Hope you all had a happy VD, with lots of chocolates and smooches, if not, no worries, it’s a corporate Holiday anyway, so no biggy if you had a regular day like I did.
Today we had a kid’s birthday party for a cousin’s daughter who turned three. All I’ll say about that is, once again I know we’ve made the right decision. I will say something else though, about my father-in-law. Since his wife died we’ve come to realise that he wasn’t in fact the sharpest knife in the drawer. At first we thought it was because he was lost without his controlling wife, then it was because he was mourning. We gave him lots of excuses, but Hubby would always say: “He’s a sweet man, but he’s a doorknob”. I used to laugh and tried not to encourage Hubby too much. We’ve had a few encounters that proved it wasn’t the mourning period as such; he was just plain simple. No point trying to ignore it, the man is far, but very far, from any help, unless he finds a magic lamp and asks the genie for brains, but I don’t think he’s bright enough to make that request. He is a nice person, but man, the things he says at times.

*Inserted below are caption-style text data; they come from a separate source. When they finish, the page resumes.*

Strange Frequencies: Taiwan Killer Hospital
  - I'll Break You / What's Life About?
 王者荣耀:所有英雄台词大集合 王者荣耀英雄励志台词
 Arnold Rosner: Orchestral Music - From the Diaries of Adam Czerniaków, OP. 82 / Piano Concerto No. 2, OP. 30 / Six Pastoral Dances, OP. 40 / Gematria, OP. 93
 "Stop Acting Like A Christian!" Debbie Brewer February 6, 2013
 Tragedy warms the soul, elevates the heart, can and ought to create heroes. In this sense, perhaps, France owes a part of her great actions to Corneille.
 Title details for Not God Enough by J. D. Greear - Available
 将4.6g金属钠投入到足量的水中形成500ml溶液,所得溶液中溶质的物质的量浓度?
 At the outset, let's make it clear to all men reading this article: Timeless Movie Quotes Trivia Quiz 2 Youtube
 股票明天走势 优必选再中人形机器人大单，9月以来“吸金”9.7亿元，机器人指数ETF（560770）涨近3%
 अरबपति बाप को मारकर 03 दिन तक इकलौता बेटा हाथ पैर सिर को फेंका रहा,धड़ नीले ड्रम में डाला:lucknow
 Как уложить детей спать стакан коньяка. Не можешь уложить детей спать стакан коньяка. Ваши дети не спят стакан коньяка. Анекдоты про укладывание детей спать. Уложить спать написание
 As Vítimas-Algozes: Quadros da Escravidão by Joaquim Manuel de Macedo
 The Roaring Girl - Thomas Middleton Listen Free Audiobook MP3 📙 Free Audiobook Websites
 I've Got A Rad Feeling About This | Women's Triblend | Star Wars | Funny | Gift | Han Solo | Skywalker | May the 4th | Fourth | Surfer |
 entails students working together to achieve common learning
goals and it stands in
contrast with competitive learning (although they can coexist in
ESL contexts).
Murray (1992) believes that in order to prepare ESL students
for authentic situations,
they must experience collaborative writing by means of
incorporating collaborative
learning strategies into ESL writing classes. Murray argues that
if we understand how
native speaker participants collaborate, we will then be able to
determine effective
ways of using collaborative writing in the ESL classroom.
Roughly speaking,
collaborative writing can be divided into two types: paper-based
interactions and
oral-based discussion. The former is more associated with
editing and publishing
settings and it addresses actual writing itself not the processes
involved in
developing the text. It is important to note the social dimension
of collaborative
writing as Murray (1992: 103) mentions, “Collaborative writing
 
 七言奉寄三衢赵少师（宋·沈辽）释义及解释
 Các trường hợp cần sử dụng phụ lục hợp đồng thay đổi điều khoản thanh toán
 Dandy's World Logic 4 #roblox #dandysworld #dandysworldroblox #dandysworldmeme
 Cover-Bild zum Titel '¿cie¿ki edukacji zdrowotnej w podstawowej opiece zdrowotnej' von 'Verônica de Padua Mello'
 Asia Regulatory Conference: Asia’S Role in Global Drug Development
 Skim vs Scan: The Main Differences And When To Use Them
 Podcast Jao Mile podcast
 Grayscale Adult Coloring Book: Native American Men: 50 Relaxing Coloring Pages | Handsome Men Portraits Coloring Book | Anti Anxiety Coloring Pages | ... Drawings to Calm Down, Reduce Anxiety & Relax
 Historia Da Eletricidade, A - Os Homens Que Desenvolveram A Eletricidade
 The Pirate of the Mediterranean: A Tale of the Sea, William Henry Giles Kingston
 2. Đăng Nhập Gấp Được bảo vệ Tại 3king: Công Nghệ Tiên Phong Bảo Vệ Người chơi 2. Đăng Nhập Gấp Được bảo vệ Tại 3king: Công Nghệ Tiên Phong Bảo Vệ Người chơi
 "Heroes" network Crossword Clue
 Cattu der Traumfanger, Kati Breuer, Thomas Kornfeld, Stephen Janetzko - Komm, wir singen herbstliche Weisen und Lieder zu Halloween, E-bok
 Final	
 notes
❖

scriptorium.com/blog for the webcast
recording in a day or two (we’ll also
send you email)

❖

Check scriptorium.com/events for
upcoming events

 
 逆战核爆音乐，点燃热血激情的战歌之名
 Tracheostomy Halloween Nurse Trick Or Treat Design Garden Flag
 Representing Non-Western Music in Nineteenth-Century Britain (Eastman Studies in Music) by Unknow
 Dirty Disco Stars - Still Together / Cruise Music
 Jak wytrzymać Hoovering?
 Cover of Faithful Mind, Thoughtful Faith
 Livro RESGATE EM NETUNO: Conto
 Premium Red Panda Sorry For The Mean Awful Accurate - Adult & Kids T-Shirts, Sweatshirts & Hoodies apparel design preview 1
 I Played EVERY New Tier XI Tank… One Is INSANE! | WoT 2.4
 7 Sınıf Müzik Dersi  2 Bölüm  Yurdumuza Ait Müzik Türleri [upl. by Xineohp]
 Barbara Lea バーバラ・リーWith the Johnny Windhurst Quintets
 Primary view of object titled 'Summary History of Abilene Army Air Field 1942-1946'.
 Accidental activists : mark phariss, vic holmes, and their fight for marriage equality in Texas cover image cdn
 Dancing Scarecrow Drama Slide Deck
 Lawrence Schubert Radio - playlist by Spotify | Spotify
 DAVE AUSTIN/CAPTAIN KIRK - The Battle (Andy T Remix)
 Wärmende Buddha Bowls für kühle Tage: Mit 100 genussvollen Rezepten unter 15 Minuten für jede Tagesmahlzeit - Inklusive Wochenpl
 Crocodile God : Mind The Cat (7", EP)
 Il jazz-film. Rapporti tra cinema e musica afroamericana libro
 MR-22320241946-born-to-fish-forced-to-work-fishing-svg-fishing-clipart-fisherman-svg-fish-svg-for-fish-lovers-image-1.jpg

I did write a few months back that we met the new woman in his life. During that dinner he questioned our decision of not wanting kids. It did get to a point where I told him that decision was his son and myself to make, and that was that. I’m not known for my diplomacy, far from it. I’ve been managing to bite my tongue more often than I think I should. I’m doing it to keep some semblance of peace, and because I want my husband to have a relationship with his dad. During the kid’s party he, again, mentioned our decision not to have kids, and how important family was to him. You have no idea how hard it’s been for me to not say one word and walk away. How can a man who won’t contact is one and only son, who’s always been respectful and helpful towards him, say that family is that important when he behaves this way towards his own son? The past year the only times he’s contacted Hubby was when he wanted to know about the Estate liquidation. I’m pissed. I’m not saying anything, because when or if I do say anything I will be like a viper or a cougar with it’s pray: I will go for the jugulars. I realised tonight, while sitting in a corner of the living room away from him and his nonsense, as much as I can be helpful and sweet I can turn into this really nasty, puss spewing bitch. I’ve learned from the best: my dad. I remember how much his words would hurt, so I do know the power of words and how hurtful they can be.
I have a feeling that I will have to refrain from socialising with my FIL, other wise I will let my Mrs. Hide rear her ugly head, and some people won’t be liking me much…
Why can’t people respect others and mind their own business? It would be so much nicer.